Vissen ruiken minder goed in verzuurde oceaan

De verhoogde concentratie aan koolzuur in de zee tast de reukzin van zeebaarzen aan.

Sinds de industriële revolutie is de concentratie aan koolzuur (opgelost CO2)  in de oceanen en zeeën met bijna de helft gestegen. Geschat wordt dat er tegen het einde van deze eeuw meer dan dubbel zoveel koolzuur in het zeewater zit (vooral aan het oppervlak) als nu.

Niet alleen koraalriffen lijden onder de verhoogde aanwezigheid van koolstofdioxide in de oceaan. Ook voor vissen is koolzuur schadelijk. De verzuring van de oceanen – de pH daalt naarmate er meer koolstoxdioxide is opgelost – stuurt immers de reukzin van vissen in de war. Dat hebben Britse biologen ontdekt bij experimenten met zeebaarzen. Omdat de meeste vissen een gelijkaardige olfactorisch systeem bezitten, zijn de resultaten extrapoleerbaar aar andere vissoorten.

De onderzoekers bootsen in een aquarium de verwachte omstandigheden na van 2100, met dus een veel hogere concentratie aan koolzuur.

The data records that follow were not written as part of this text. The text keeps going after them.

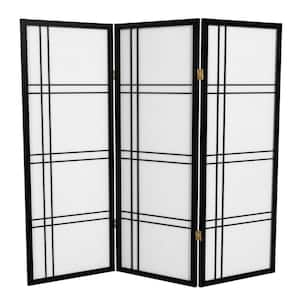 4 ft. Short Double Cross Shoji Screen - Black - 3 Panels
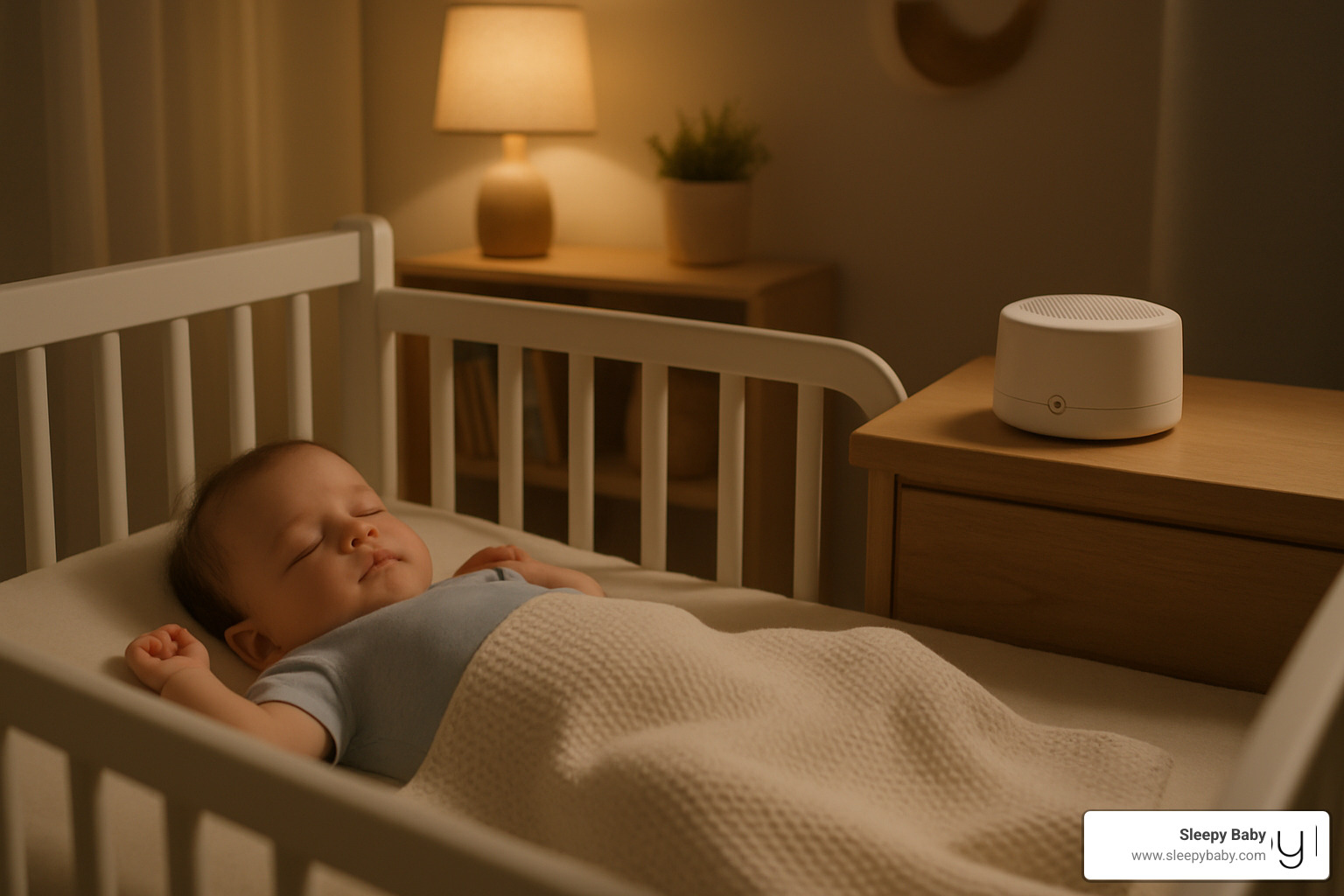 peaceful sleeping baby with white noise device positioned safely away from crib - white noise in the womb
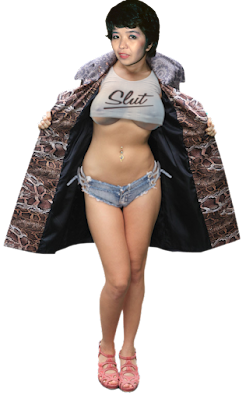 Girl in Daisy Dukes and slut top PNG clipart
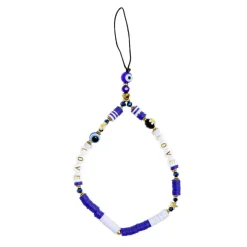Bijou de téléphone perles doré blanc bleu L17cm < Gifi Discount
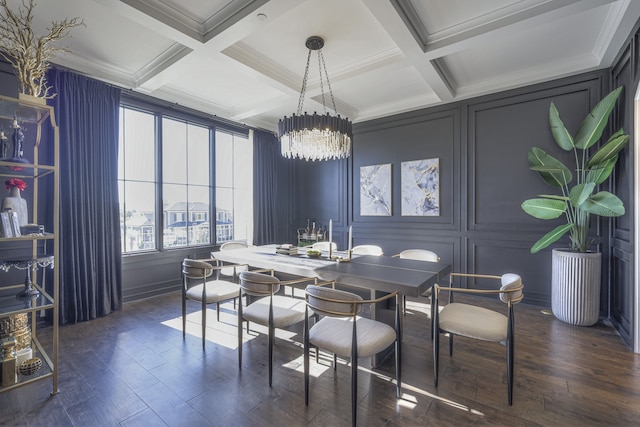 dining area with beam ceiling, dark hardwood / wood-style flooring, coffered ceiling, crown molding, and a chandelier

Daarbij  merkten ze dat de baarzen veel minder in het rond zwommen en minder snel reageerden als er een roofvis in de buurt was – de vorsers bootsten de geur van de roofvis na. Bovendien vertoonden de vissen veel sneller een angstreflex, waarbij ze doodstil in het water bleven hangen.

Ook in de hersenen van de baarzen was de achteruitgang van de reukzin duidelijk merkbaar. In verzuurd water bleek de hersenactiviteit verbonden met ruiken slechts de helft te bedragen van de normale activiteit in ‘gezond’ zeewater.